- EXERCISE DETAILS
An exact reproduction of all the data is needed, with no images in it.

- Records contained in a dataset
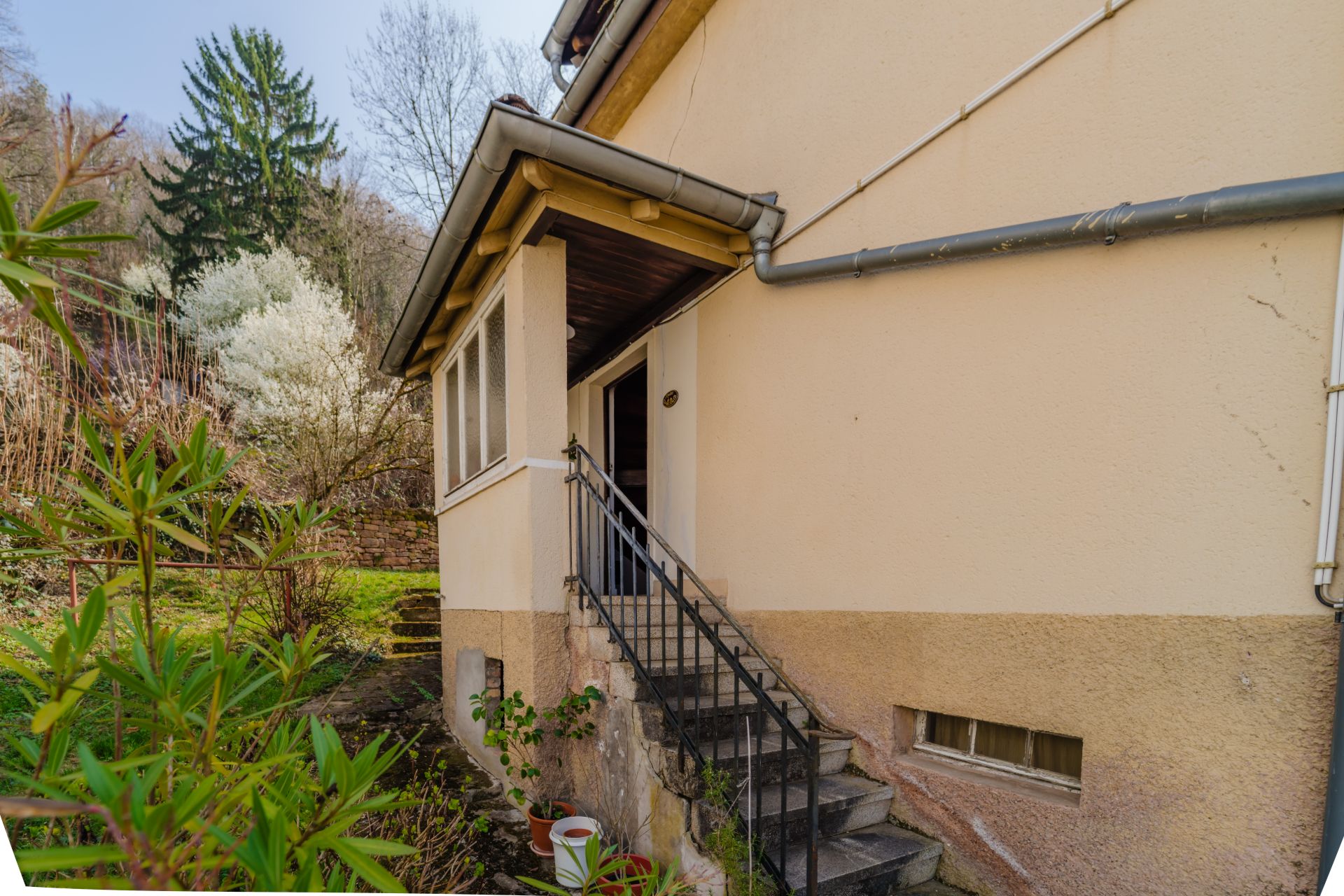 Außentreppe führt zum Hauseingang, daneben Garten mit Sträuchern und Bäumen.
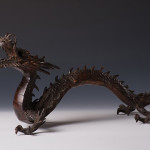 A bronze okimono of a dragon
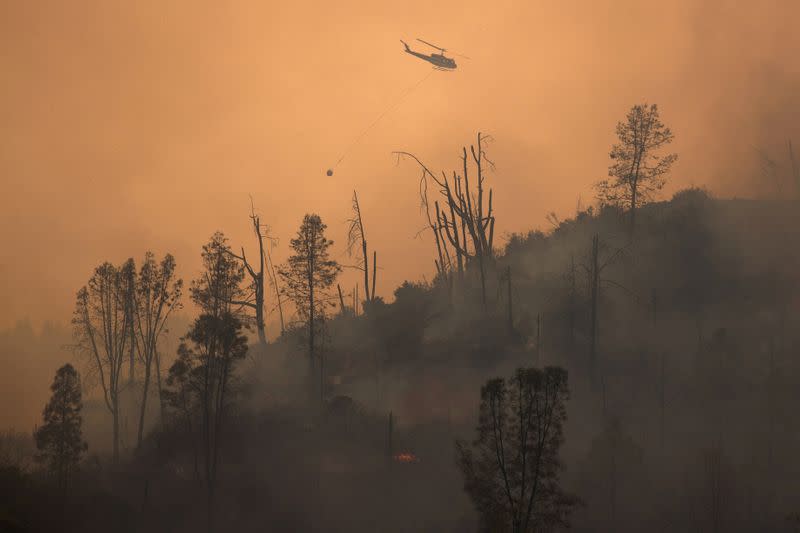 FILE PHOTO: FILE PHOTO: Helicopter releases water on secition of LNU Lightning Complex Fire near Middletown, California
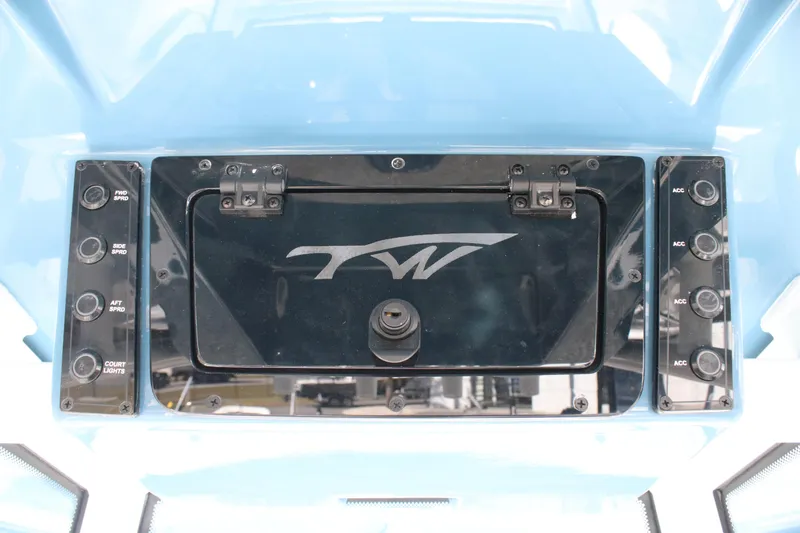 Slide: The Image of Control panel of 2026 Tidewater 210 LXF boat with switches and logo. - 25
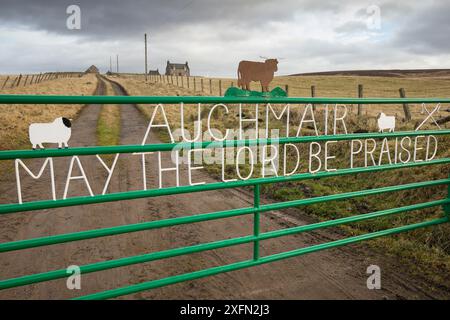 Messaggio religioso sul cancello della fattoria con croft in background, Aberdeenshire, Scozia, Regno Unito, gennaio 2017 Foto Stock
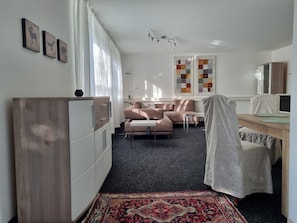 Ett modernt vardagsrum med en soffa, ett soffbord, en tv och en mönstrad matta.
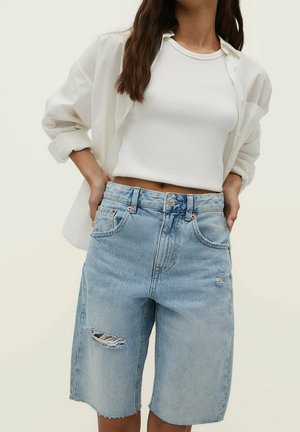 Kvinde iført lyseblå revne denimshorts, hvid ribbet crop top og en åben hvid skjorte, hænderne hvilende på hofterne.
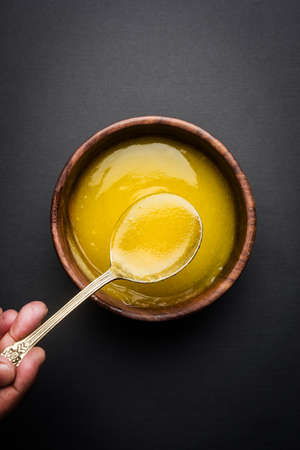 Ghee or clarified butter close up in wooden bowl and silver spoon, selective focusの写真素材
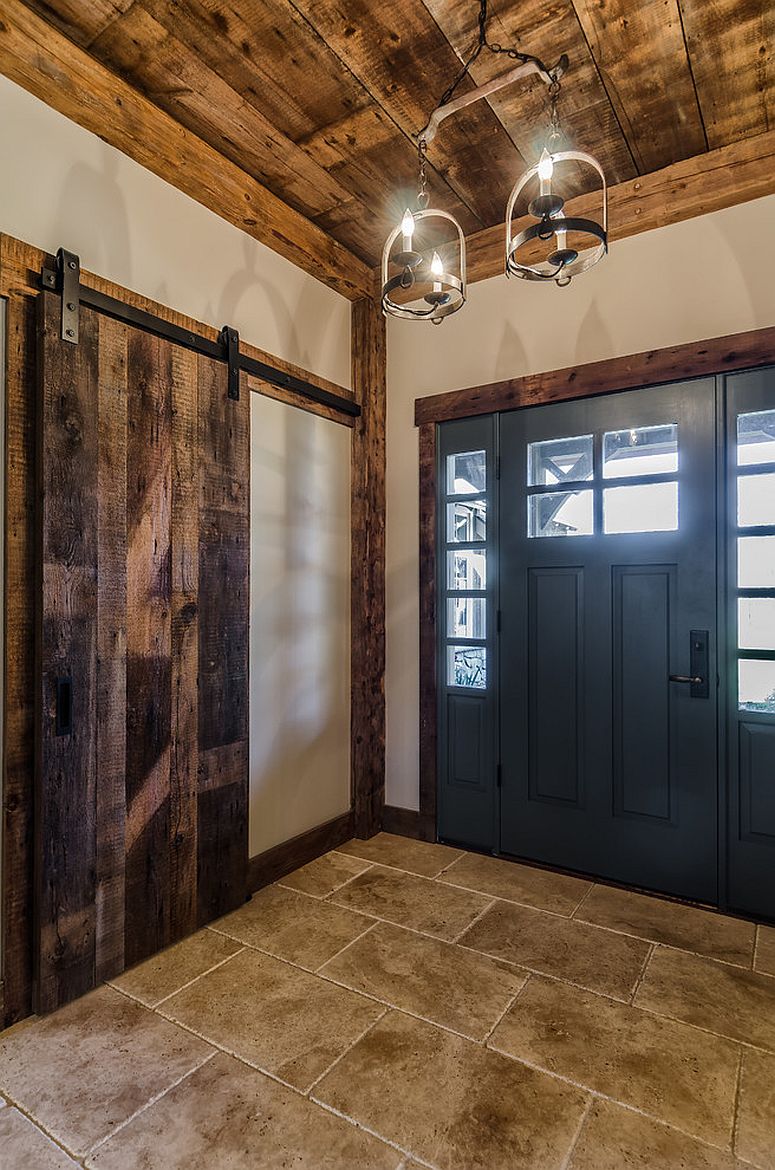 Door in blue adds color to the entry space in white with reclaimed wood wall section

- WRITTEN ANSWER
 Außentreppe führt zum Hauseingang, daneben Garten mit Sträuchern und Bäumen.
 A bronze okimono of a dragon
 FILE PHOTO: FILE PHOTO: Helicopter releases water on secition of LNU Lightning Complex Fire near Middletown, California
 Slide: The Image of Control panel of 2026 Tidewater 210 LXF boat with switches and logo. - 25
 Messaggio religioso sul cancello della fattoria con croft in background, Aberdeenshire, Scozia, Regno Unito, gennaio 2017 Foto Stock
 Ett modernt vardagsrum med en soffa, ett soffbord, en tv och en mönstrad matta.
 Kvinde iført lyseblå revne denimshorts, hvid ribbet crop top og en åben hvid skjorte, hænderne hvilende på hofterne.
 Ghee or clarified butter close up in wooden bowl and silver spoon, selective focusの写真素材
 Door in blue adds color to the entry space in white with reclaimed wood wall section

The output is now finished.